¿Qué es la barbarie? Eso me preguntó hace un tiempo un amigo profesor cuando, hablando sobre lo que ocurría en Venezuela, usé esa expresión. La respuesta inicial fue automática: históricamente, esta palabra se ha utilizado para describir comportamientos y sistemas que operan fuera de los límites de la ley y la moralidad, caracterizados por la violencia, la opresión y la ausencia de respeto por los derechos humanos. Es la falta de civilización.
El profesor hizo silencio y volvió a preguntar, “entiendo, pero ¿qué es la barbarie?”. Y comprendí hacia donde iba. La barbarie, para nosotros, es el chavismo. Su sinónimo. El ejemplo palpable de lo que aquello significa.

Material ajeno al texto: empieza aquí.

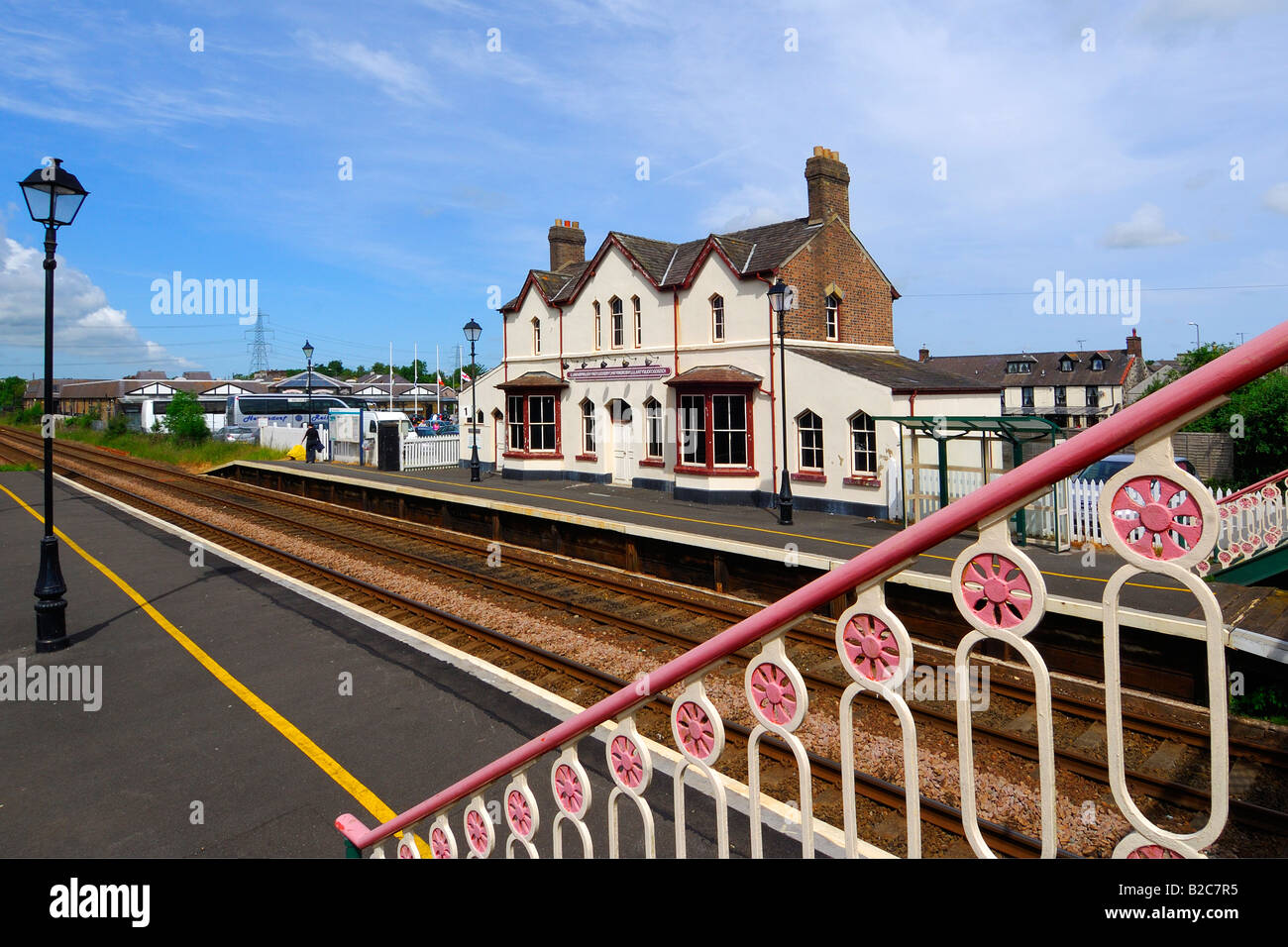 Llanfairpwllgwyngyllgogerychwyrndrobwlllantysiliogogogoch station and railway track the longest place name in Europe on Anglesey Stock Photo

Desde entonces, no he encontrado algo que describa mejor a este sistema que ha oscurecido a un país que, con sus muchas cosas perfectibles, tenía color. Cómo no, si su máxima casa de estudios se encargaba (y se encarga) de vencer la sombra.
Pero, como la incivilidad siempre viene acompañada, el otro rasgo (de varios) que caracteriza a quienes hoy y desde 1999, mal gobiernan el país, es la hipocresía. No existe alguien más hipócrita que aquel que forma parte de una élite (hoy muy pequeña) que gritaba que “ser rico es malo”, pero que en dos décadas y media “desparecieron” más de 600.000.000.000 dólares (seiscientos mil millones). Esto, mientras niños morían por desnutrición y más de ocho millones de venezolanos huían del perverso sistema que ha devenido en un terrorismo de Estado.

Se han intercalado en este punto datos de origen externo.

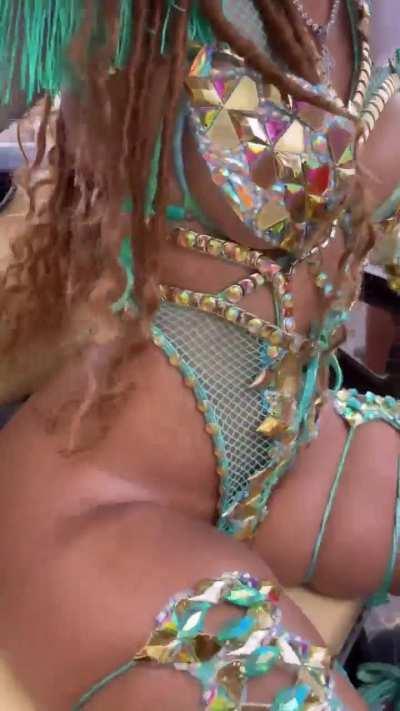 Chloe @ carnival day 2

El chavismo hipócrita estuvo durante tres décadas denostando los 40 años de democracia y responsabilizando al «Imperio» de todo lo malo que ocurriese. Pero hoy, cuando no tienen votos, ni propuestas, ni un control social efectivo, ni futuro, y solo les queda la fuerza bruta y la propaganda (tampoco efectiva ante un pueblo claro y decidido a cambiar), van quitando poco a poco el «rojo, rojito» para volver a los colores y la estética de antes, mientras usan los recursos públicos para que el nombre de Nicolás Maduro salga en las pantallas del Times Square. ¿Por qué este paso atrás? Porque no lo lograron y saben que no lo lograrán.

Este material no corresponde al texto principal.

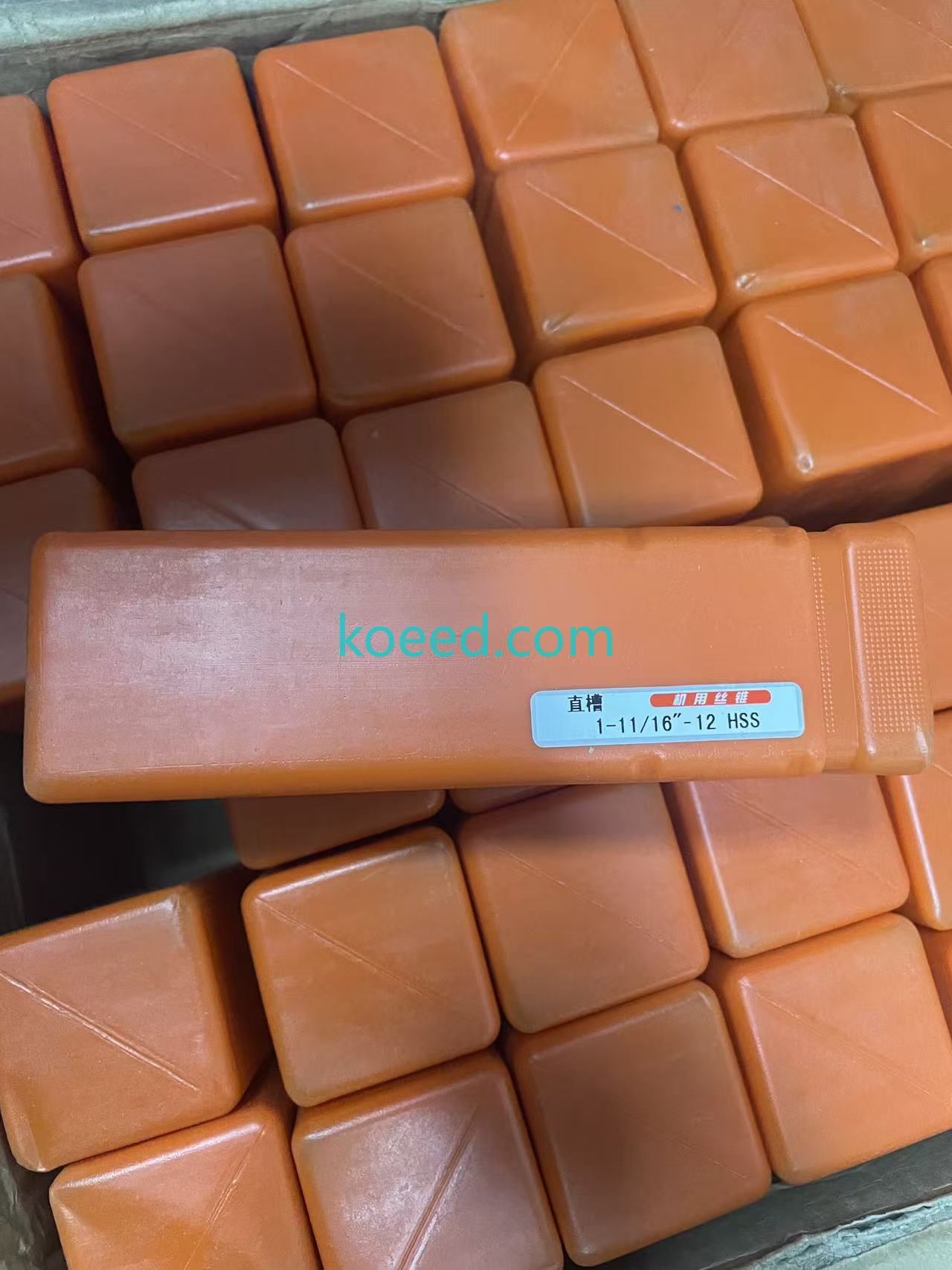 -11/16 x 12 UN Thread Detail View 1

La mayor derrota de este movimiento político-mafioso es que no pudieron moldear a la sociedad. No la arrodillaron. No conquistaron las mentes de una ciudadanía que jamás abrazó ni la devastación de la cubanización ni la umbría de la sovietización. No lograron que el deseo de libertad y el aprecio por la democracia (aun en los jóvenes que nacieron sin conocerla) se extinguiera. Y no lo lograron a pesar de tener todo el poder, todo el dinero, todas las armas y toda la maquinaria de propaganda. Han sido buenos para mantener el poder (por ahora) con el uso de la fuerza, pero hasta a Antonio Gramsci hubiesen decepcionado.
Esa derrota, al final, es también su derrota electoral, pues el deseo de cambio es innegable, enorme y contundente. Y ante ello no hay vuelta atrás.
Al final de «Doña Bárbara», Santos Luzardo logra restaurar el orden y la legalidad en su hacienda, venciendo los métodos brutales y desmedidos mientras ella, finalmente, se retira del llano, reconociendo la superioridad del enfoque civilizado de Santos.
Como el destino a veces tiene casualidades maravillosas, resulta que Santos Luzardo es la mujer que hoy lidera al país en esta lucha contra la tiranía, y a Bárbara Guaimarán la representa el otro, el del bigote, el responsable de 294 asesinatos en protestas solo entre 2014 y 2022. ¿Y el candidato de la oposición democrática? Pues espero que él, como Rómulo Gallegos, sea el primer presidente de la nueva democracia. Esta, claro, ojalá no termine más… Mejor dicho, ¡nunca más!
Al final, si alcanzamos el cambio (y estamos cerca), esta época solo va a ser recordada por su barbarie; una que comenzó en 1992 y, ojalá, inicie su fin en 2024.